Maybe git diff is not willing to compare files that are not a part of any git repository on your system? You might want to try plain diff instead, although its output is fairly hard to read (but it should show differences).

Change 951548 had a related patch set uploaded (by Urbanecm; author: Urbanecm):

[research/mwaddlink@main] publish-datasets: Require exact match in wikis.txt to skip list update

https://gerrit.wikimedia.org/r/951548

Maybe git diff is not willing to compare files that are not a part of any git repository on your system? You might want to try plain diff instead, although its output is fairly hard to read (but it should show differences).

Ops, you are totally right, I'm getting the same results. Thanks.

Change 951548 merged by jenkins-bot:

[research/mwaddlink@main] publish-datasets: Require exact match in wikis.txt to skip list update

https://gerrit.wikimedia.org/r/951548

Sgs edited projects, added Growth-Team (Sprint 3 (Growth Team)); removed Growth-Team.

The issue remains present although for less wikis, updated output shows the following wikis:

> sowiki
> stwiki
> tgwiki
> ttermwiki
> ugwiki

I'm going ahead and add sowiki, stwiki and tgwiki in the context of T308142 and tgwiki and ugwiki in the context of T308143. I'm not sure ttermwiki is a valid domain, @kevinbazira could you clarify what's the purpose of tterm directory so we can close this issue. Ty!

DMburugu moved this task from Incoming to Doing on the Growth-Team (Sprint 3 (Growth Team)) board.

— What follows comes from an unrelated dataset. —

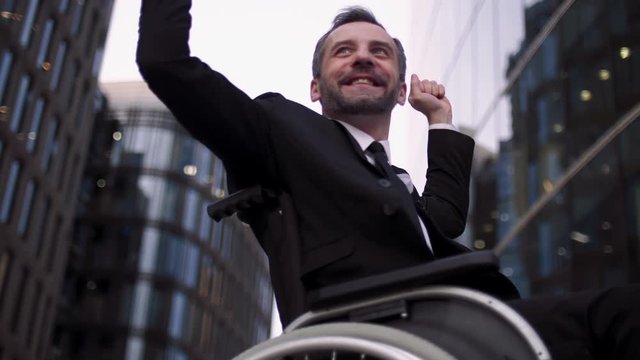 Disabled attractive invalid buisnessman on wheelchair outdoor. Handicapped man near glass building offices. Happy emotion portrait, hands up, win.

@Sgs, ttermwiki has been removed from the published datasets, it was created to test the unpublish-datasets script in T344799.

Mentioned in SAL (#wikimedia-analytics) [2023-11-16T13:22:35Z] <sergi0> stat1008: Add sowiki, stwiki, tgwiki and ugwiki to /srv/published/datasets/one-off/research-mwaddlink/wikis.txt (T340944)

Mentioned in SAL (#wikimedia-operations) [2023-11-16T13:34:57Z] <sergi0> stat1008: Add sowiki, stwiki, tgwiki and ugwiki to /srv/published/datasets/one-off/research-mwaddlink/wikis.txt (T340944)

@Sgs, ttermwiki has been removed from the published datasets, it was created to test the unpublish-datasets script in T344799.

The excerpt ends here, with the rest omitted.